Atenco, como tantos otros pueblos, valora sus tierras, que le dan el magro sustento, pero que también le proporcionan identidad, sentido de pertenencia e inspiran un patriotismo local que no fácilmente entienden los extraños; la tierra es sagrada para el campesino, no se concibe sin ella, y si un pueblo la pierde, pierde su razón de ser. Por eso la resistencia al proyecto del aeropuerto invasor que se pretendía en sus campos de cultivo, por eso los machetes y la tenacidad heroica de sus habitantes que con tanto empeño resistieron primero y al final impidieron el despojo.

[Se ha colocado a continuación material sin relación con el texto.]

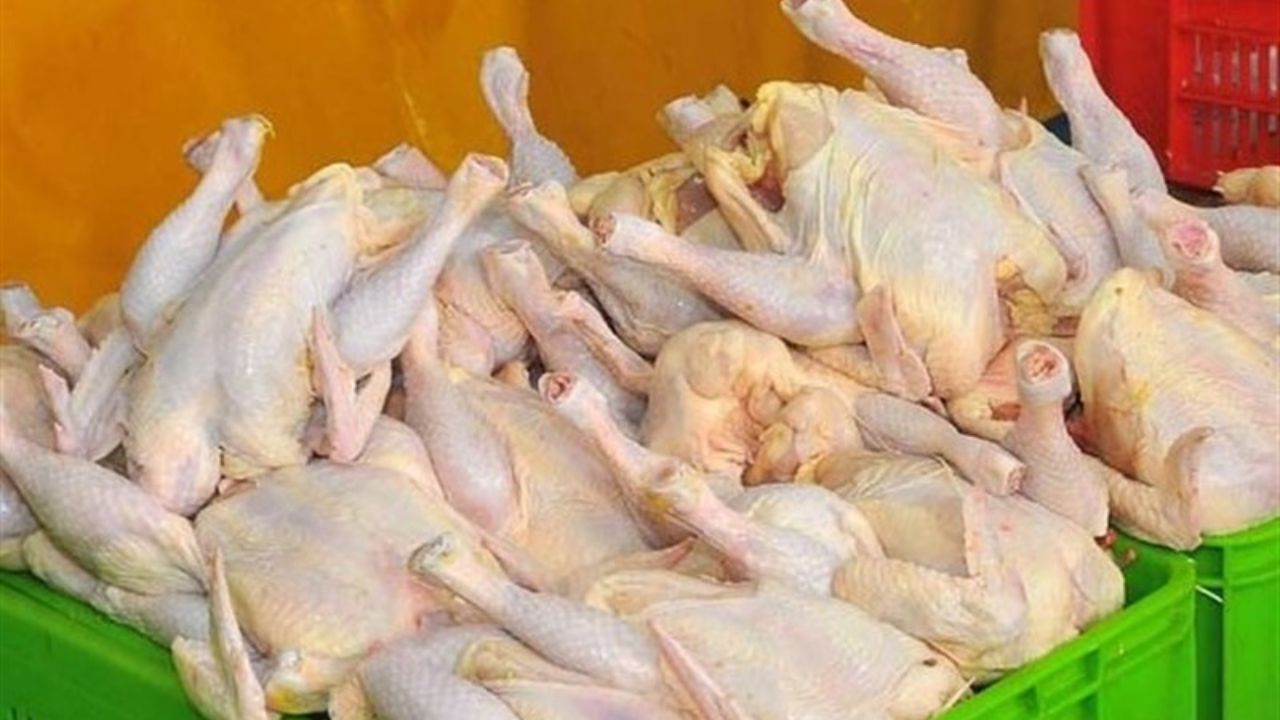 مرغ‌های کوچک‌ سالم‌تر و کم هزینه‌تر هستند
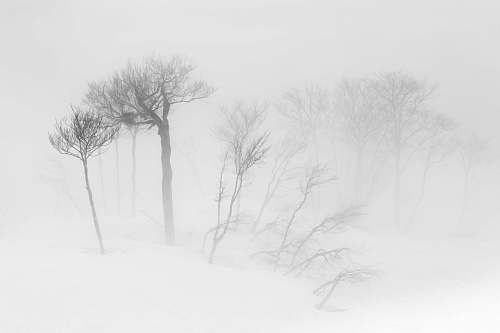 grey trees sketch winter
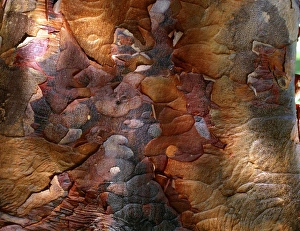 Fall Foliage Images Prints: Paperbark maple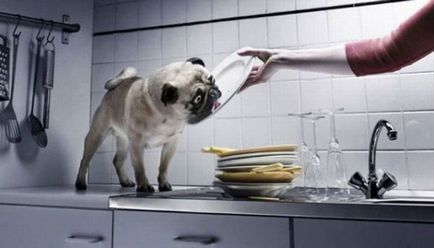 Посуд для собаки, домашні тварини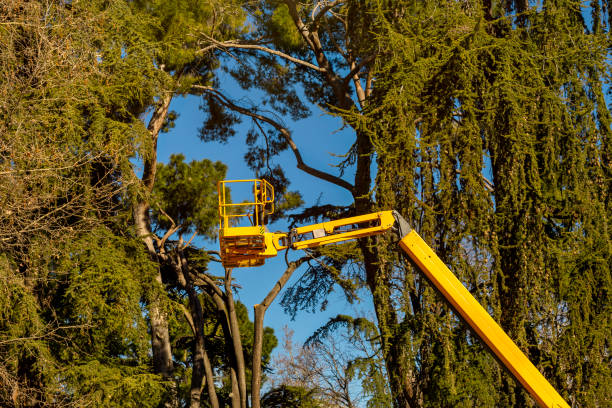 commercial tree service cambridge ma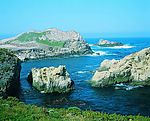 美丽海景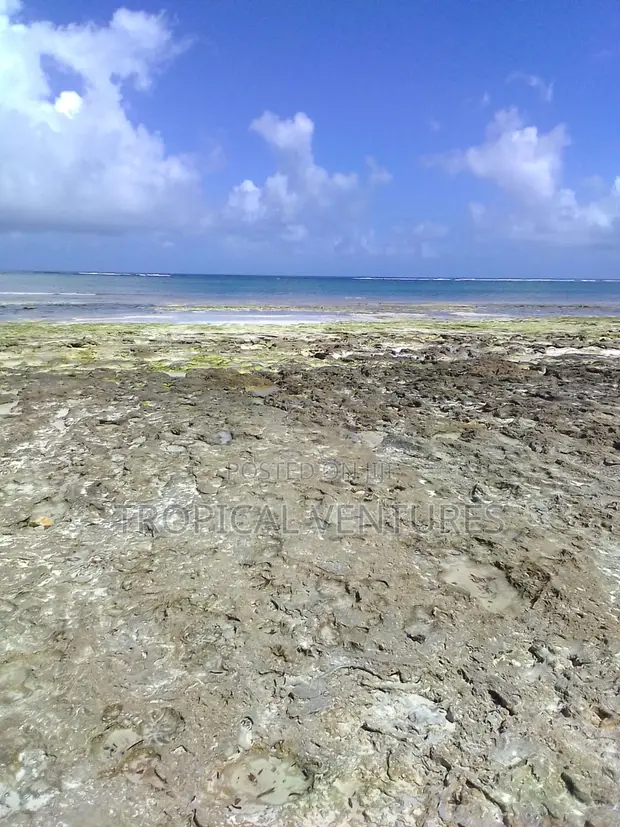 Diani Beachfront Plots for Sale - 0.25 Acres - 1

Pero todo eso, por supuesto, lo ignoraron Fox, el gobernador, el secretario de Seguridad y sus respectivos cortesanos y operadores; para ellos los terrenos de Atenco eran tan sólo la perspectiva de un gran negocio, de oportunidad de contratos, inversiones y riquezas, y por ello no pueden perdonar a los tercos campesinos que les echaron a perder todo. No pudieron adueñarse del espacio a cambio de migajas, quedaron muy mal ante la opinión pública, y por lo tanto tenían que vengarse con el primer pretexto que tuvieron a la mano; lo hicieron, enviaron a sus policías a castigar a los reos del delito ya extinguido hace siglos, de “lesa majestad”, pero restablecido para el efecto de dar un escarmiento a esos alzados y desobedientes.
Para escarmentarlos a ellos y para asustar a otros posibles reclamantes en otros sitios y en otros momentos, se recurrió a la persecución bárbara, a las golpizas, a las detenciones arbitrarias y a los abusos de todo tipo. En otro momento o quizás en otra entidad, con ese escarmiento, las cosas hubieran regresado a su curso y la población estaría dolida y resentida, pero calmada.
En Atenco no sucedió así; sus habitantes siguieron su lucha, con sus líderes principales presos o escondidos, no han dejado de reclamar que se haga justicia y que se sancione a los responsables de la desalmada agresión, pero esto no es posible cuando los investigadores del delito habían sido nombrados por quienes tendrían que investigar.
El asunto, después de tiempo, tuvo que llegar a la Suprema Corte de Justicia, por vía de la investigación de violaciones a garantías individuales, reconocida en el artículo 97 constitucional, inspiración invaluable del Constituyente del 17; para cuando las instituciones regulares y locales no pueden o no quieren hacer justicia, al menos queda ese último recurso, que es la investigación del tribunal federal de mayor rango. Fue ésa la última esperanza de una condena adversa a los autores intelectuales y materiales de los hechos de Atenco, lástima que sólo tres de los integrantes del alto tribunal estuvieron a la altura de su papel de juzgadores de nivel superior, con autoridad moral para señalar culpables con nombres y apellidos; la mayoría, en defensa de su propia clase social y quizás de sus amigos y anfitriones, rebajó la resolución y sólo se atrevió a decir que sí hubo violación a garantías individuales, pero que sólo eran condenables los ejecutores materiales, mientras que quedaron impunes y tranquilos los más encumbrados.
A pesar de ello, el baldón es difícil de quitar, para quienes aun exonerados en la fórmula de la resolución fueron señalados por parte importante de la opinión pública y por la minoría de ministros durante el debate. Helioflores, el agudo caricaturista, hace unos días fue más elocuente que mil palabras. Aparecen en el cartón, publicado en El Universal, el gobernador Peña Nieto y el procurador Medina Mora con caras de niños incapaces ni de una travesura, bien peinados, pero atrás, sobre las sombras de sus cabezas, destacan las cruces de las tumbas que se supondrían de los jóvenes asesinados en los hechos; el título del editorial gráfico es por demás concluyente: “Sombras nada más”, pero añado, también nada menos: de esas sombras es difícil liberarse.
El 97, a pesar de la reticencia de quienes no gustan emplear las facultades que les otorga, volvió a funcionar.